» What to produce
Set down, word for word, each line from the top of the data through the line that has "Woman watching flat"; omit every picture.

Image-text web data:

_ _ _

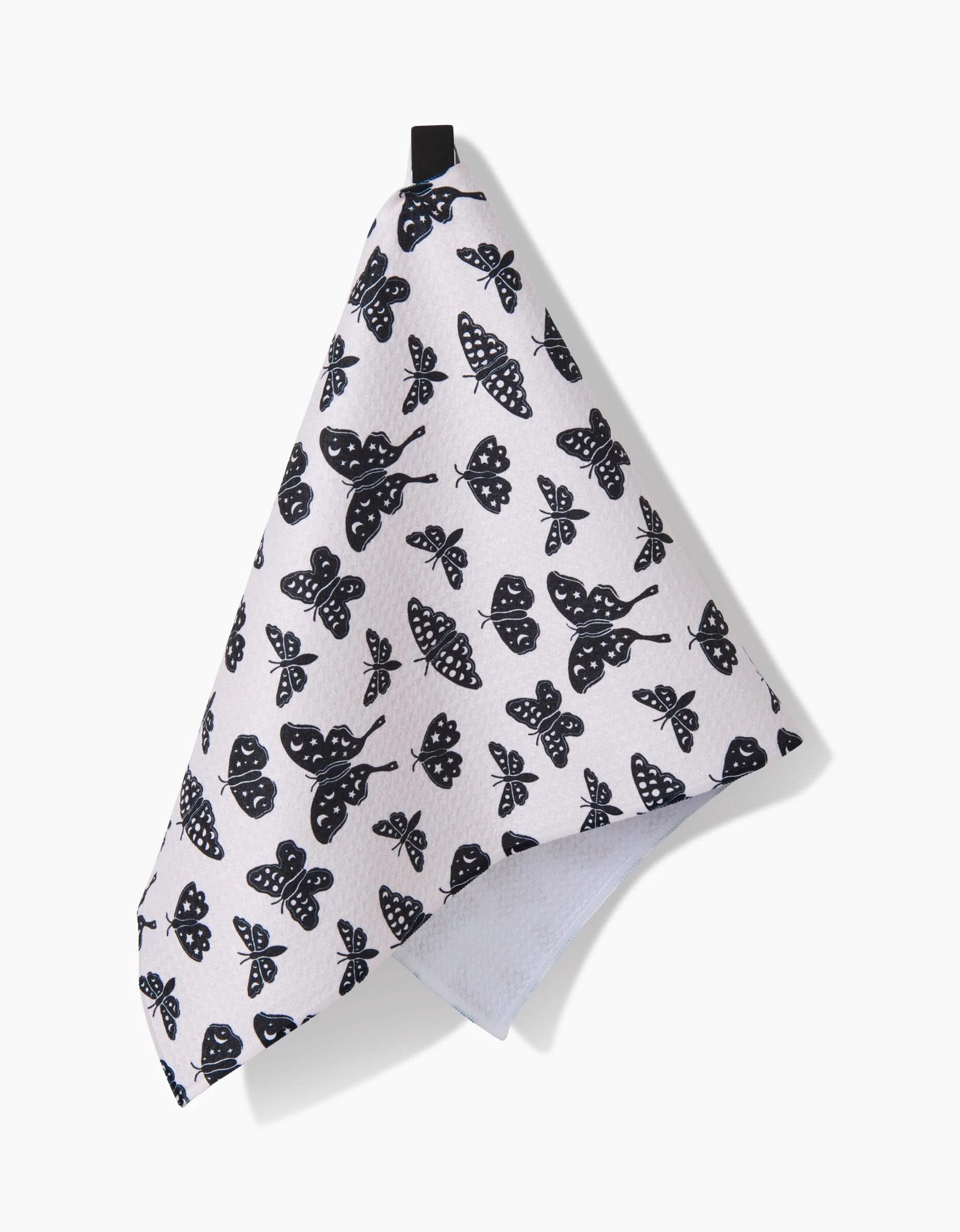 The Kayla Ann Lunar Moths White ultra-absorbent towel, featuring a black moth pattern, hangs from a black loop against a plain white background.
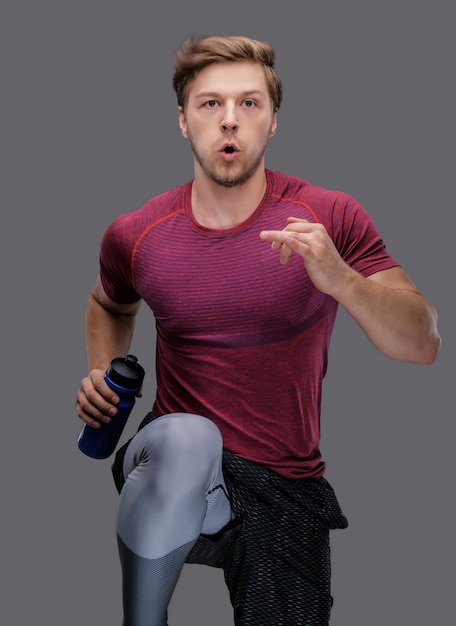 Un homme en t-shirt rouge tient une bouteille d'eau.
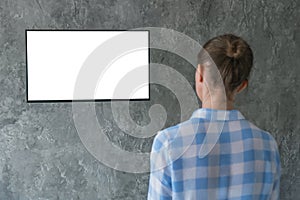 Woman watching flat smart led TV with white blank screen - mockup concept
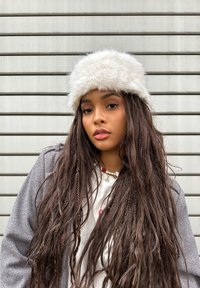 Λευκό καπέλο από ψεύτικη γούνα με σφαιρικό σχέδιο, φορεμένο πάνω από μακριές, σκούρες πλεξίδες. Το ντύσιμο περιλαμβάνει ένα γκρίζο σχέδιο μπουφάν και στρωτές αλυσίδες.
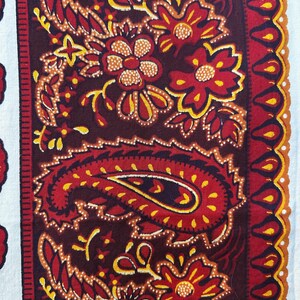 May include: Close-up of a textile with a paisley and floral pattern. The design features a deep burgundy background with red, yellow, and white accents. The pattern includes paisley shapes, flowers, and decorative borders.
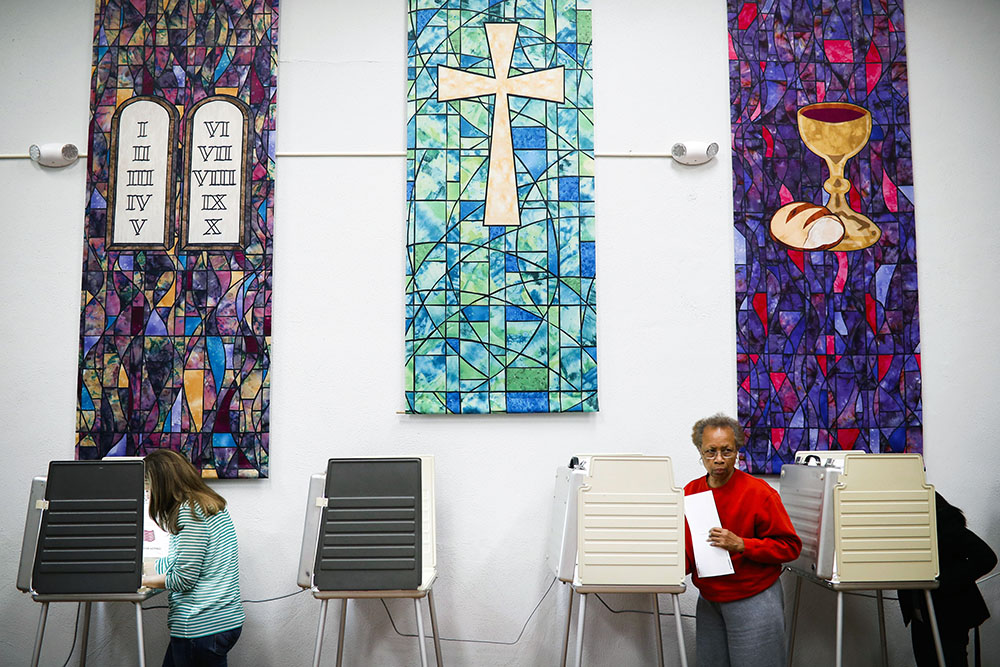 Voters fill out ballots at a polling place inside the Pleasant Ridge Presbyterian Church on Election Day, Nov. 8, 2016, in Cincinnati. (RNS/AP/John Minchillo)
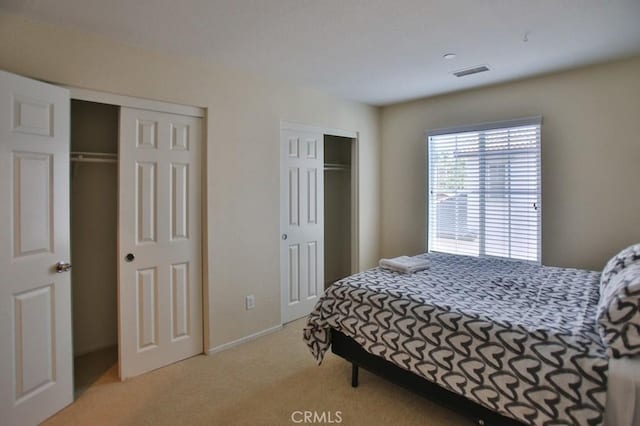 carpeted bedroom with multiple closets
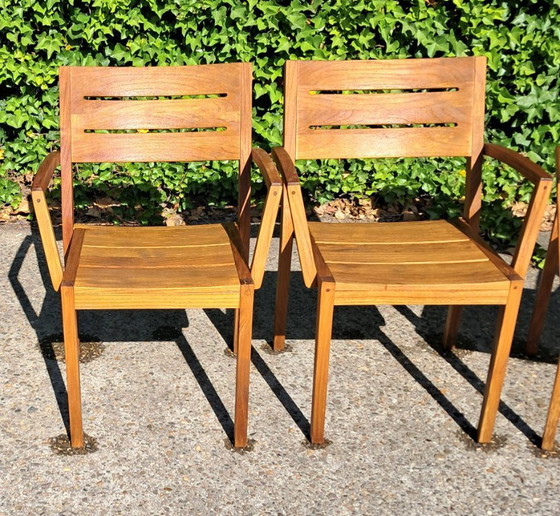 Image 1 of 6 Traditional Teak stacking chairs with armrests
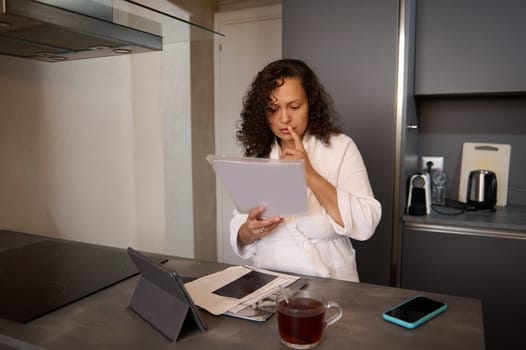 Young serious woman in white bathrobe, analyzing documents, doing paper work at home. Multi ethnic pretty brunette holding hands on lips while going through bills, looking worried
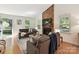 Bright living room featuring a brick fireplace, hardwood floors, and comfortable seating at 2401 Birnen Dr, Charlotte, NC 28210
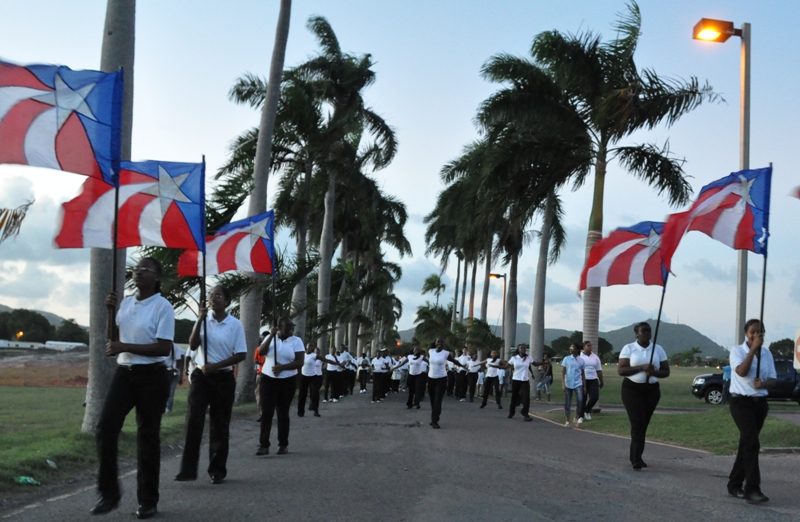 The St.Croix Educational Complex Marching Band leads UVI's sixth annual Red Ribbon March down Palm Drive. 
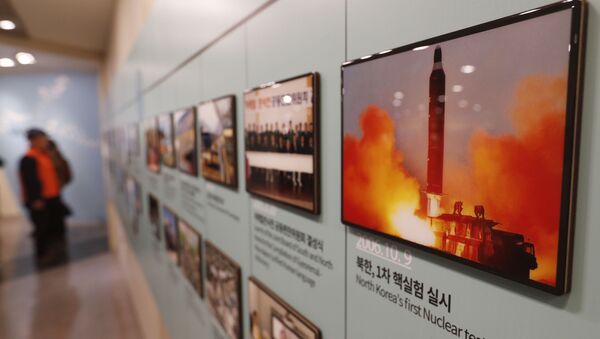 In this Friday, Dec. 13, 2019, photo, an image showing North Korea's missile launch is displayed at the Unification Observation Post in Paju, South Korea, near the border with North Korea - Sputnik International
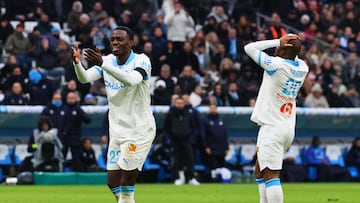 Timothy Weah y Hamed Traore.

_ _ _

» Output
 The Kayla Ann Lunar Moths White ultra-absorbent towel, featuring a black moth pattern, hangs from a black loop against a plain white background.
 Un homme en t-shirt rouge tient une bouteille d'eau.
 Woman watching flat smart led TV with white blank screen - mockup concept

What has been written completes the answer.